#### Required work:
Nothing but the records themselves, exactly as written, should appear in the reply; leave out the pictures.

◇ ◇ ◇ ◇ ◇ ◇ ◇

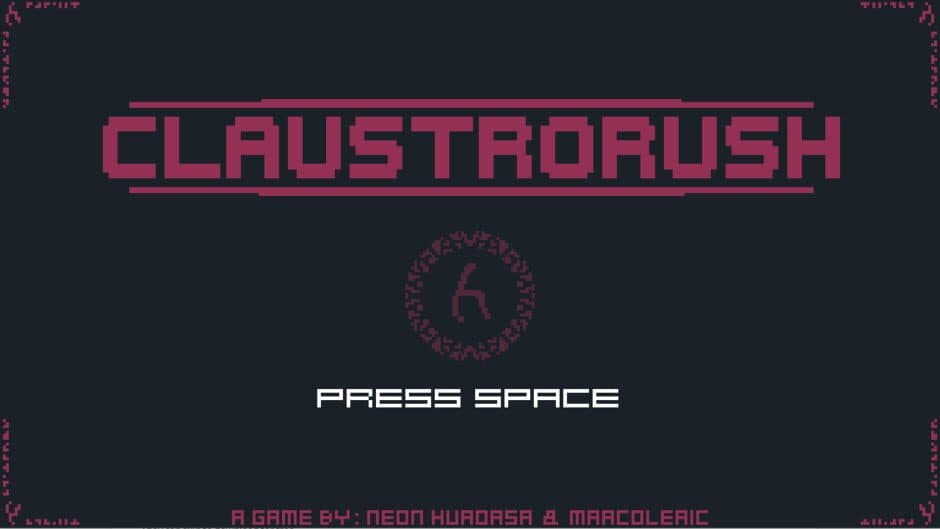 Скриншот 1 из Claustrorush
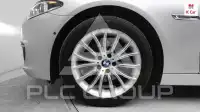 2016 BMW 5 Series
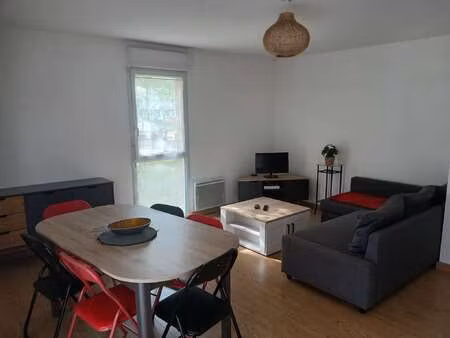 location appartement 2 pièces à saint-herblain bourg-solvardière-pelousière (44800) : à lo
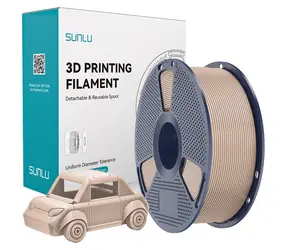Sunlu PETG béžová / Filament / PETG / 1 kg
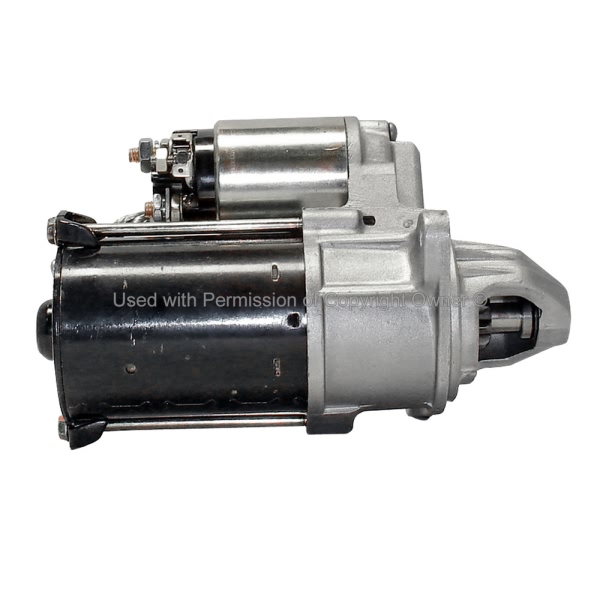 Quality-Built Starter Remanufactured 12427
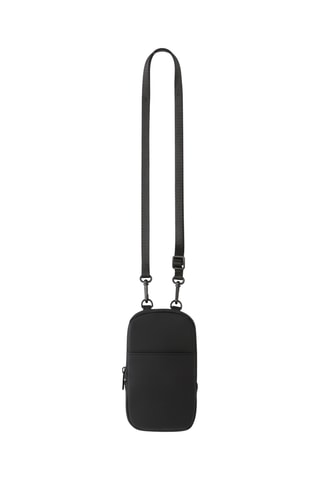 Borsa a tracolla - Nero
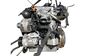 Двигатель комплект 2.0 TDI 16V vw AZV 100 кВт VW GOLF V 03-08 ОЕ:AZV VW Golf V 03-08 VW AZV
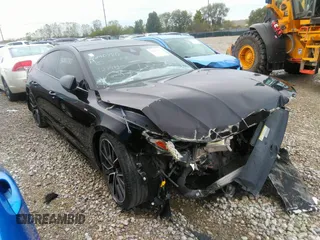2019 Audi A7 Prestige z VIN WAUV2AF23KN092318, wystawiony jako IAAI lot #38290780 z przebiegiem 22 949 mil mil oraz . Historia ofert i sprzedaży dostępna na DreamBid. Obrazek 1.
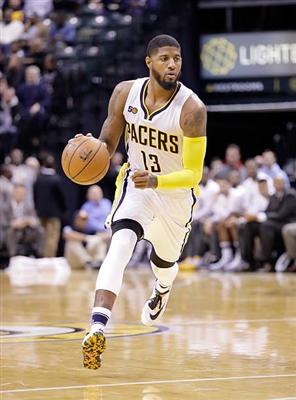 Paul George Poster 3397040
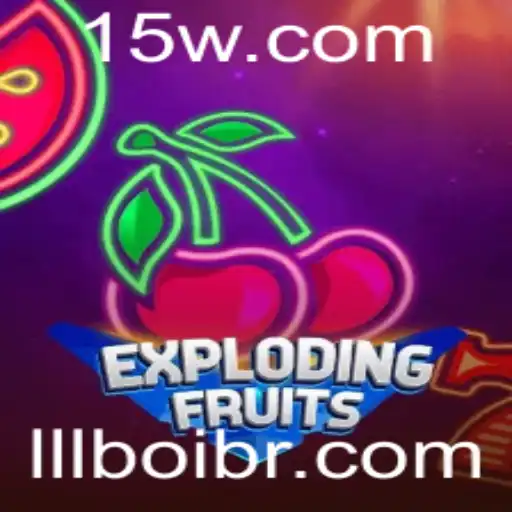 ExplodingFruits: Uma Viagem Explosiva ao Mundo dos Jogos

◇ ◇ ◇ ◇ ◇ ◇ ◇

#### Solution to this task:
 Скриншот 1 из Claustrorush
 2016 BMW 5 Series
 location appartement 2 pièces à saint-herblain bourg-solvardière-pelousière (44800) : à lo
Sunlu PETG béžová / Filament / PETG / 1 kg
 Quality-Built Starter Remanufactured 12427
 Borsa a tracolla - Nero
 Двигатель комплект 2.0 TDI 16V vw AZV 100 кВт VW GOLF V 03-08 ОЕ:AZV VW Golf V 03-08 VW AZV
2019 Audi A7 Prestige z VIN WAUV2AF23KN092318, wystawiony jako IAAI lot #38290780 z przebiegiem 22 949 mil mil oraz . Historia ofert i sprzedaży dostępna na DreamBid. Obrazek 1.
 Paul George Poster 3397040
 ExplodingFruits: Uma Viagem Explosiva ao Mundo dos Jogos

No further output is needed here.